Church: Oh, life science will co-opt almost every other field of manufacturing. It’s not limited to agriculture and medicine. We can even use biology in ways that biology never has evolved to be used. DNA molecules for example could be used as three-dimensional scaffolding for inorganic materials, and this with atomic precision. You can design almost any structure you want with a computer, then you push a button — and there it is, built-in DNA.
SPIEGEL: DNA as the building material of the future?
Church: Exactly. And it’s amazing. Biology is good at making things that are really precise. Take trees for example. Trees are extremely complicated, at least on a molecular basis. However, they are so cheap, that we burn them or convert them into tables. Trees cost about $50 a ton. This means that you can make things that are nearly atomically precise for five cents a kilo.
SPIEGEL: You are seriously proposing to build all kinds of machines — cars, computers or coffee machines — out of DNA?
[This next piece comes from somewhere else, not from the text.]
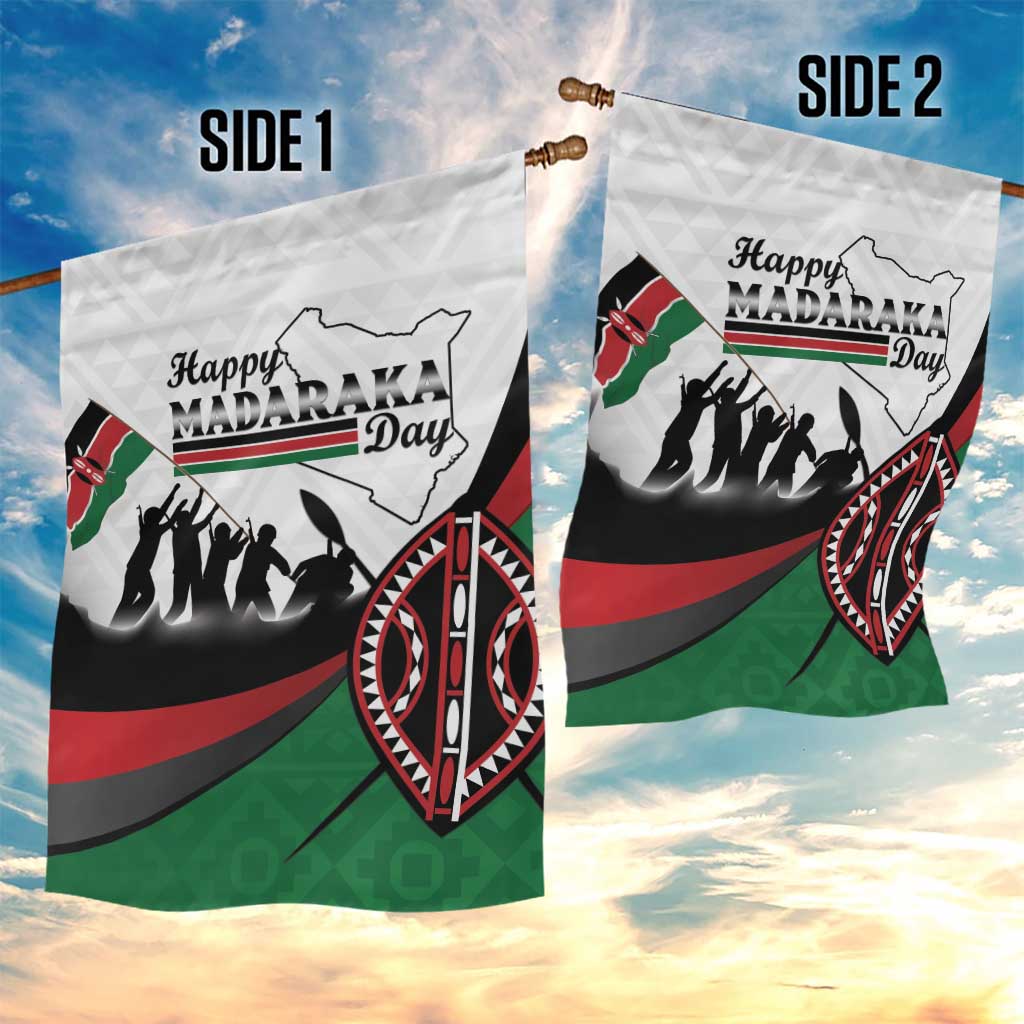 Kenya Garden Flag Madaraka Day - Maasai Shield LT15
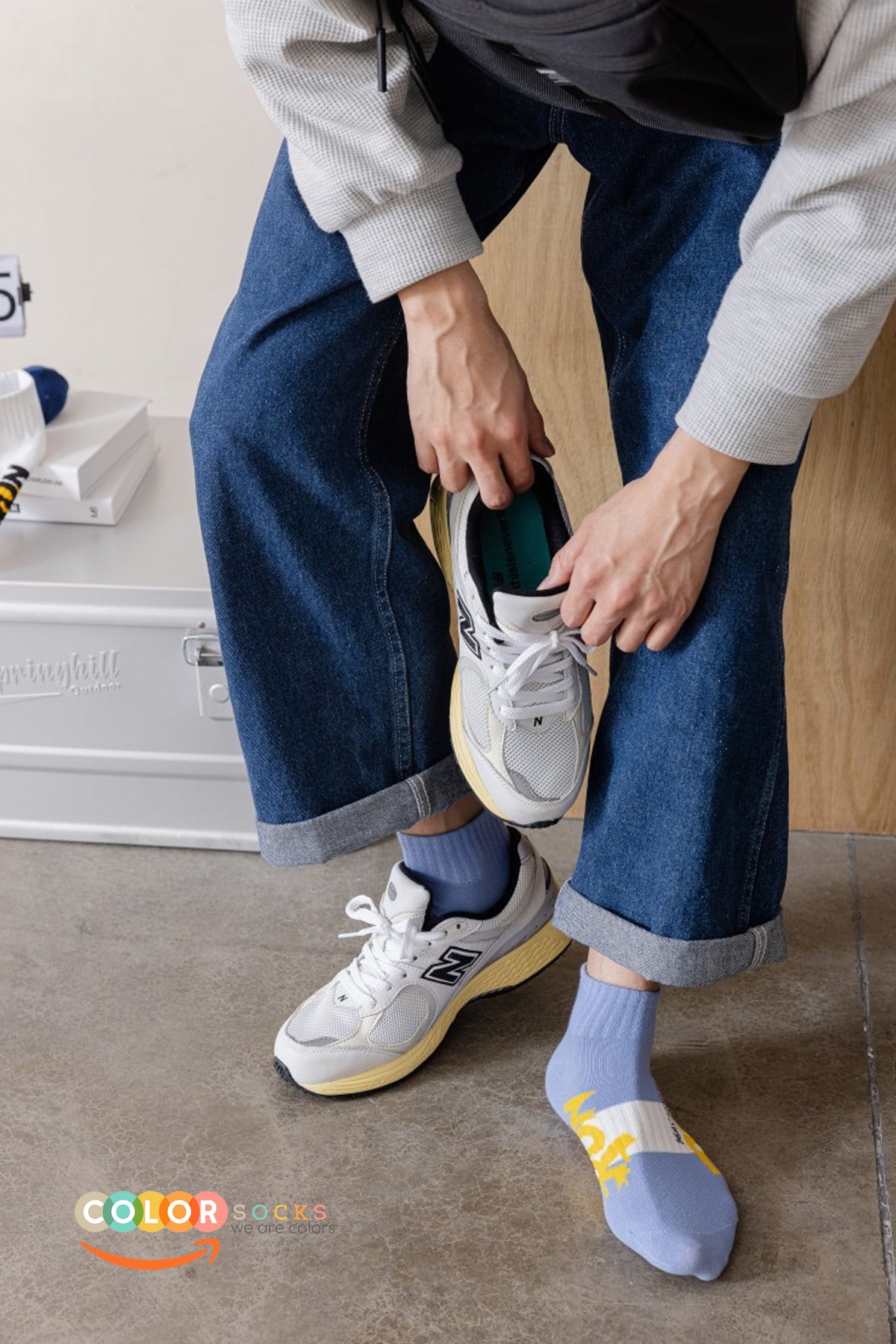 Color Socks 5 Çift Run Sport Erkek Patik Yazlık Çorap (Terletmez) Çok Renkli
Church: I think it is very likely that this is possible. In fact, computers made of DNA will be better than the current computers, because they will have even smaller processors and be more energy efficient.
SPIEGEL: Let’s go through a couple of different applications of synthetic biology. How long will it take, for example, until we can fill our tanks with fuel that has been produced using synthentic microbes?
Church: The fact is that we already have organisms that can produce fuel compatible with current car engines. These organisms convert carbon dioxide and light into fuels by basically using photosynthesis.
SPIEGEL: And they do so in an economically acceptable way?
Church: If you consider $1.30 a gallon for fuel a good number, then yeah. And the price will go down. Most of these systems are at least a factor of five away from theoretical limits, maybe even a factor of 10.